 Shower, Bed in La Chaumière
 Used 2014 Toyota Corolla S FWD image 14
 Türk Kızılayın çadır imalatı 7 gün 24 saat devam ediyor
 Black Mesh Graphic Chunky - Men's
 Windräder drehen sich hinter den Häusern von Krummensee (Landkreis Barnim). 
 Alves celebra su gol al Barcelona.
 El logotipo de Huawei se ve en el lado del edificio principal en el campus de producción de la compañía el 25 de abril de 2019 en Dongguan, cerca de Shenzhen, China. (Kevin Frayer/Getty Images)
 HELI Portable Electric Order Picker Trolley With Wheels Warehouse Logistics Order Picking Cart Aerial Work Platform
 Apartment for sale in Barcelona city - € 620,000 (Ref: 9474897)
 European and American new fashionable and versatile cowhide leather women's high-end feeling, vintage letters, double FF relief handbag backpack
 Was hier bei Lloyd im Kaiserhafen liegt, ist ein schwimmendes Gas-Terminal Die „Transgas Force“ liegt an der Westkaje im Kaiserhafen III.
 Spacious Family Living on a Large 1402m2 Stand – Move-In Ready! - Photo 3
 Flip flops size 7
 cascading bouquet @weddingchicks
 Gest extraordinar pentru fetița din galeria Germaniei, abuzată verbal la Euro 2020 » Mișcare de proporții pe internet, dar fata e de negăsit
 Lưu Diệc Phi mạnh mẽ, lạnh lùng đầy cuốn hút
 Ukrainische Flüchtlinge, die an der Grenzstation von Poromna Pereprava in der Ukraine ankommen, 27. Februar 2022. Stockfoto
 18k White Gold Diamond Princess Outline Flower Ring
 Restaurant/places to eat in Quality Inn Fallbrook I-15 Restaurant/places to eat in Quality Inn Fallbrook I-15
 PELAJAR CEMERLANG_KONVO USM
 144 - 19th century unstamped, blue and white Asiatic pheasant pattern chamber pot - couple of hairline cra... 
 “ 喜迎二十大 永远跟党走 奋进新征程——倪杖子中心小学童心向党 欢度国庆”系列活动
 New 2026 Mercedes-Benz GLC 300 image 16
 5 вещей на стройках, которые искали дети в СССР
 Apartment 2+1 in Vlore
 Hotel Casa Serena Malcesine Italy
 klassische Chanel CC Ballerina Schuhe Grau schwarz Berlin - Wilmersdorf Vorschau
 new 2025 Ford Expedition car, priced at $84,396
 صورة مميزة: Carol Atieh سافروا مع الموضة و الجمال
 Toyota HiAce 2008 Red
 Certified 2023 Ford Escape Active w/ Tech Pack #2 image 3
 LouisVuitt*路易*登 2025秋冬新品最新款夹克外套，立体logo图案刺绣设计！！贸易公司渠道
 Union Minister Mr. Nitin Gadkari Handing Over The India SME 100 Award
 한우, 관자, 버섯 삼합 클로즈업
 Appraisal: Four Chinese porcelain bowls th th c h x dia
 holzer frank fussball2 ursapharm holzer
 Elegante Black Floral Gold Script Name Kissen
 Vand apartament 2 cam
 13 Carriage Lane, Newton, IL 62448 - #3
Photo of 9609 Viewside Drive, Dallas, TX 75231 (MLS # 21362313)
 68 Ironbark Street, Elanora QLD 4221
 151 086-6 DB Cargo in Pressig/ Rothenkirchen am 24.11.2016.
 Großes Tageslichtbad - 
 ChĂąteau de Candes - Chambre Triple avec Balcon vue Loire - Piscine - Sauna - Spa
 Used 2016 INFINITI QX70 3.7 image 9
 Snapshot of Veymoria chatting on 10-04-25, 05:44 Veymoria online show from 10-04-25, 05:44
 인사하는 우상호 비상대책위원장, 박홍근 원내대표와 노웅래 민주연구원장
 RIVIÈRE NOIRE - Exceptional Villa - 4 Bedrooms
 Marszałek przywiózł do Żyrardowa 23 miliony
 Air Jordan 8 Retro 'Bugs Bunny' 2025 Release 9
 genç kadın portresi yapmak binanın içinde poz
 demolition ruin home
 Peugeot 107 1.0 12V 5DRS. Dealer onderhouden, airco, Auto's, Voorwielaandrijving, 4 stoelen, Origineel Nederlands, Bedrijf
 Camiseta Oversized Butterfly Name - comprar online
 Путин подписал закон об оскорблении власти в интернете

+++

Write down, word for word, the lines above from the one containing "holzer frank fussball2 ursapharm holzer" through the one containing "Snapshot of Veymoria", both ends included.

Exercise answer:
 holzer frank fussball2 ursapharm holzer
 Elegante Black Floral Gold Script Name Kissen
 Vand apartament 2 cam
 13 Carriage Lane, Newton, IL 62448 - #3
Photo of 9609 Viewside Drive, Dallas, TX 75231 (MLS # 21362313)
 68 Ironbark Street, Elanora QLD 4221
 151 086-6 DB Cargo in Pressig/ Rothenkirchen am 24.11.2016.
 Großes Tageslichtbad - 
 ChĂąteau de Candes - Chambre Triple avec Balcon vue Loire - Piscine - Sauna - Spa
 Used 2016 INFINITI QX70 3.7 image 9
 Snapshot of Veymoria chatting on 10-04-25, 05:44 Veymoria online show from 10-04-25, 05:44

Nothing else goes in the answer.